I do know genealogists. They are a dime a dozen in my family. Hour upon hour is spent scraping the dredges of my mind for aunt Alice's second cousin's husband's name. Does it matter? To the genealogist it is of utmost importance as it fills a gap on a page of the family tree. When, a few weeks later, another meeting with the family scribe occurs it is so disheartening to have to relate the same piece of information again. Why? Because the original piece of paper on which the initial information was written has been lost in the filing system. The filing system! A box of paper would be a better description. It would be true to say that many of us who are not genealogists have more information on their computer under the scalp about who is who within the family than the aforesaid genealogist. However as an addiction, genealogy is harmless.

But, back to the point. I have an addiction. It is ..... now wait for it ..... WORDS! Every waking hour my mind runs amok with words. Should I hear a new word I am instantly curious as to its origin. A trip to the dictionary is a trip to the movie theatre. I spy a word.

Instantly I have a mental picture running through the brain of that word and all its concepts. I make a movie from a word.

Once I never knew words.

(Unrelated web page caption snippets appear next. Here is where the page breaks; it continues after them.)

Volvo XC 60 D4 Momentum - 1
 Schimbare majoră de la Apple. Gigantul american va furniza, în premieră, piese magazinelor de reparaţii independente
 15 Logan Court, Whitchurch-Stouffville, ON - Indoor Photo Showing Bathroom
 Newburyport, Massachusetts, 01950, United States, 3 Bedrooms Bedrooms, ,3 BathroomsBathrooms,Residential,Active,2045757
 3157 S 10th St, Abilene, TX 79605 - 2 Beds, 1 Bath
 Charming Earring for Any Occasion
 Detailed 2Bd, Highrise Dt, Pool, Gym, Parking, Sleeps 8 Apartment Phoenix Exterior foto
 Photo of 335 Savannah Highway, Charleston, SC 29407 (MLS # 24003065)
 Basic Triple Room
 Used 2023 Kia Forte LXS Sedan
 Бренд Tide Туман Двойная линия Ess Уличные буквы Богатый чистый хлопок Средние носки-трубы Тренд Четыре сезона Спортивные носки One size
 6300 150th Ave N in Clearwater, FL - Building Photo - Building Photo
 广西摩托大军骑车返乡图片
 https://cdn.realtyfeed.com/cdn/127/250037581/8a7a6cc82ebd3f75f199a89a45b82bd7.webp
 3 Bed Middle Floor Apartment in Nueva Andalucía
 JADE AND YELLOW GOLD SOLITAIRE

I was but a child then. I learned to read. I learned to write, and from that moment on my addiction has grown in magnitude. It is harmless. Hopefully it isn't life shortening, and under proper control it can be useful.... some of the time anyway!

Saturday, June 5, 2010

Life Support

Rose's clambering embrace gave life support to weathered and near crippled Fence.

Years ago Fence was erected to replace a more ancient structure. Families living on either side spent endless hours oiling Fence, and spraying weed-killer on his foundations in an earnest endeavour to preserve his aged facade. Mother Nature had another agenda. Slowly, relentlessly, lichens took up residence on Fence's silvered exterior, attaching themselves to exposed regions. That coat gave him an almost distinguished appearance.

Rose's lineage was impeccable. Sturdy White Briar with feet firmly planted in the ground suckered sweetly perfumed, blowsy, Blush Pink. When severe pruning of the thorn-encrusted limbs destroyed Blush Pink, White Briar flourished. Spreading her arms she smothered Fence and edged her way towards the delicate lemon and cream honeysuckle clinging nearby.

One cruel winter's night a storm brewed from the west; wild winds gathered strength and hurtled debris through the darkened sky. Rose and aged Fence clung together against the onslaught of the screaming intruder, battling to remain upright as branches of their taller neighbours, and errant plastic bags, whipped by.

The calmness of the dawn revealed the devastation, in the centre of which Rose and Fence lay together, entwined in death as in life.